Les régimes de prévoyance permettent de rembourser des frais ou pertes de revenu occasionnés par l'accident, la maladie, le décès.

La réforme des retraites qui repousse à 64 ans l'âge légal de départ à la retraite amènera une hausse globale des cotisations de prévoyance de 6% d'ici à 2030, selon Malakoff Humanis, l'un des principaux groupes français de complémentaire santé et prévoyance.

Les régimes de prévoyance permettent de rembourser des frais ou pertes de revenu occasionnés par l'accident, la maladie, le décès.

Si la réforme des retraites est adoptée, "on peut imaginer qu'il y aura un absentéisme un peu plus prolongé des personnes, parce qu'elles seront plus longtemps en activité" du fait du report de l'âge légal, a déclaré Thomas Saunier, le directeur général de Malakoff Humanis (10.000 salariés) qui présentait mardi ses résultats annuels.

Cet absentéisme générera des dépenses nouvelles pour les organismes de prévoyance comme Malakoff Humanis, qui les amèneront à augmenter légèrement les cotisations, a-t-il expliqué.

+6% en moyenne d'ici à 2030

"Cela va s'étaler sur sept ans, de 2023 à 2030, cela va être progressif, et ce sera tout à fait corrigeable avec quelques augmentations" des cotisations, a-t-il ajouté.

Selon les prévisions actuelles, la hausse globale des cotisations entre 2023 et 2030 devrait être de 6%, a-t-il dit.

En revanche, la réforme "n'aura pas d'effet" sur les cotisations de santé, a indiqué Thomas Saunier.

Malakoff Humanis a réalisé en 2022 un bénéfice net de 168 millions d'euros.

Ce bénéfice net est inférieur aux 222 millions d'euros réalisés en 2021, mais il reste supérieur au seuil de 150 millions qui est le niveau minimum que ce groupe géré de façon paritaire s'est imposé de respecter.

Le chiffre d'affaires a atteint 6,4 milliards d'euros, en hausse de 4% sur 2021.

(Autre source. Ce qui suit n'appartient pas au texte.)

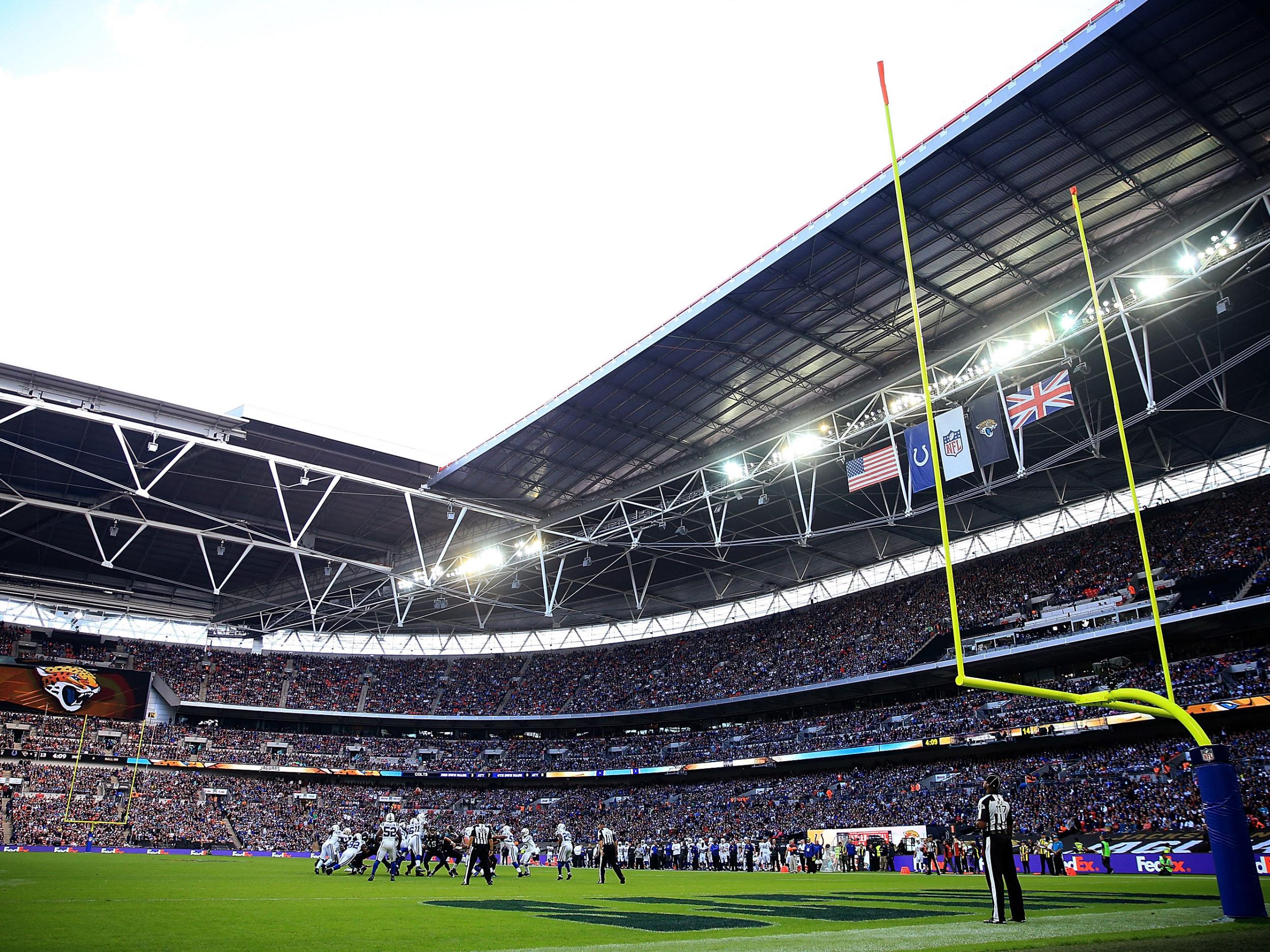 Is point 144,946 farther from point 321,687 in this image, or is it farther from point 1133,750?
point 321,687

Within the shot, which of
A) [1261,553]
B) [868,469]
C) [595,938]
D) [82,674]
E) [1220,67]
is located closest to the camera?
[595,938]

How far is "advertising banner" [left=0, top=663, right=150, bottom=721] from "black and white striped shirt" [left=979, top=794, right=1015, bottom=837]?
5535 cm

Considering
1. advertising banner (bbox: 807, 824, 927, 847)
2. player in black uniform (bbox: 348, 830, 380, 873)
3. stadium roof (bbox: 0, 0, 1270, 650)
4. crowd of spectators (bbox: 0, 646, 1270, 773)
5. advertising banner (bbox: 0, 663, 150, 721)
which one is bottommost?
advertising banner (bbox: 807, 824, 927, 847)

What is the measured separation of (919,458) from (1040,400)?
4.19 meters

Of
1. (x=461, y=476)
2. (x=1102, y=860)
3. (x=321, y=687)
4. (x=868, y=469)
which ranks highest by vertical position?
(x=461, y=476)

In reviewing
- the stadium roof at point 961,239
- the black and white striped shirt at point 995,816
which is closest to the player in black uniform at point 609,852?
the black and white striped shirt at point 995,816

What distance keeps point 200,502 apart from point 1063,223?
38.0m

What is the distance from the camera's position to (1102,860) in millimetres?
26609

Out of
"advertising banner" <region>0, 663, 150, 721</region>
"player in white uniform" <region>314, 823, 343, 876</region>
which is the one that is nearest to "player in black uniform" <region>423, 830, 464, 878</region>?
"player in white uniform" <region>314, 823, 343, 876</region>

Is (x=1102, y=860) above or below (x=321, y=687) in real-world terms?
below

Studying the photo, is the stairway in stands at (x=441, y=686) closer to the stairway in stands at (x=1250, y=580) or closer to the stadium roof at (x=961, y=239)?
the stadium roof at (x=961, y=239)

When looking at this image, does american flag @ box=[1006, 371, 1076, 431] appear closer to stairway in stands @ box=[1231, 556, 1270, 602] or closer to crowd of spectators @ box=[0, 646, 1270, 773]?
stairway in stands @ box=[1231, 556, 1270, 602]

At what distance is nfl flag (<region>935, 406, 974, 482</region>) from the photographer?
28.4 metres

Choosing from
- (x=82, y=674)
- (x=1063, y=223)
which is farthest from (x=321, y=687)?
(x=1063, y=223) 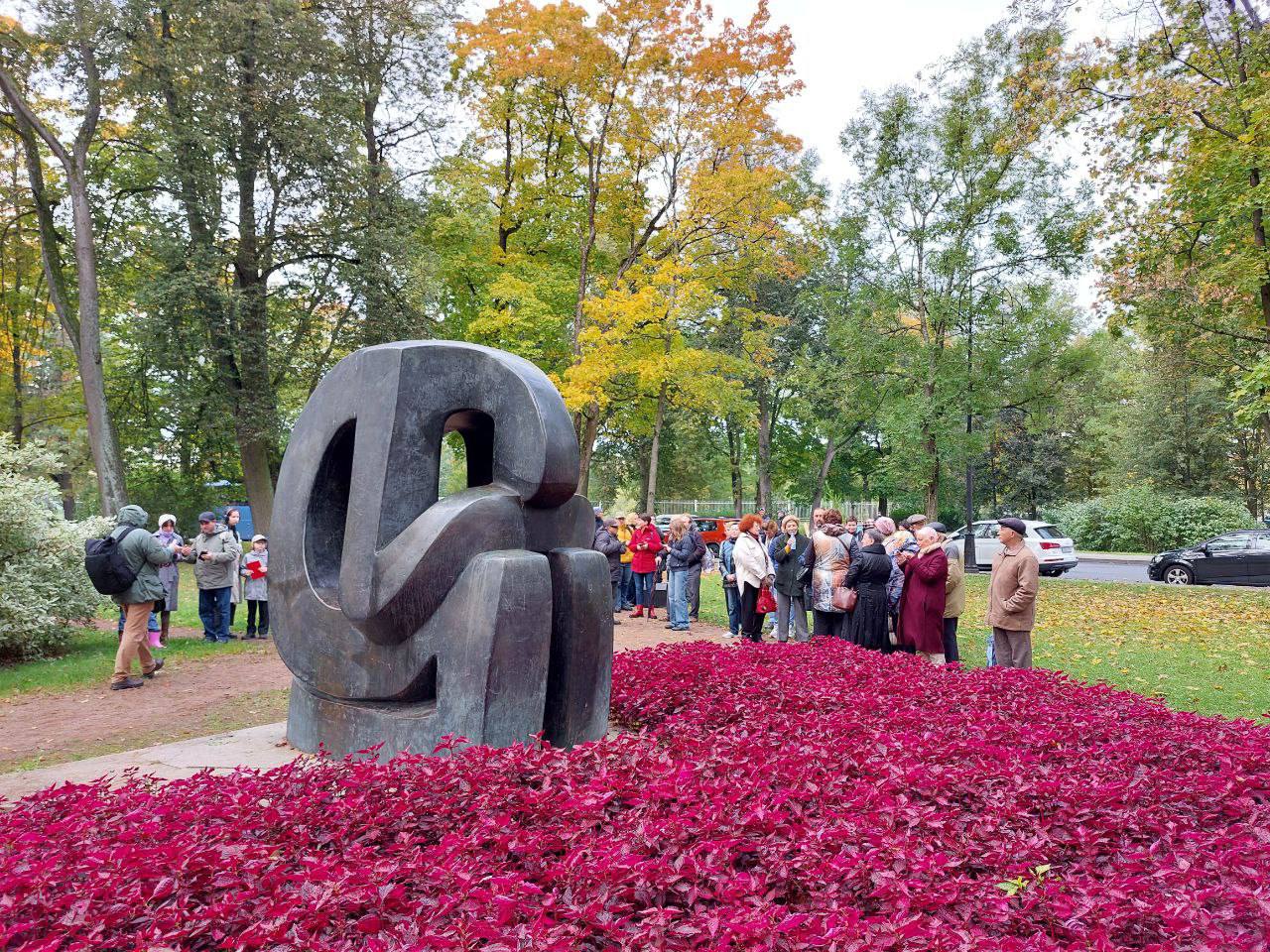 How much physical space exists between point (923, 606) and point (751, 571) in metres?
2.72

En 2022, la réforme du 100% Santé (remboursement total de paniers de soin en audiologie, dentaire, et optique mise en oeuvre à partir de début 2021) a fait "déraper" les remboursements en santé, sur le dentaire en particulier a indiqué Thomas Saunier.

"On nous avait promis un surcoût de 150 millions d'euros" pour les groupes de complémentaire santé, "et puis ça a finalement été 1,5 milliard", a-t-il regretté.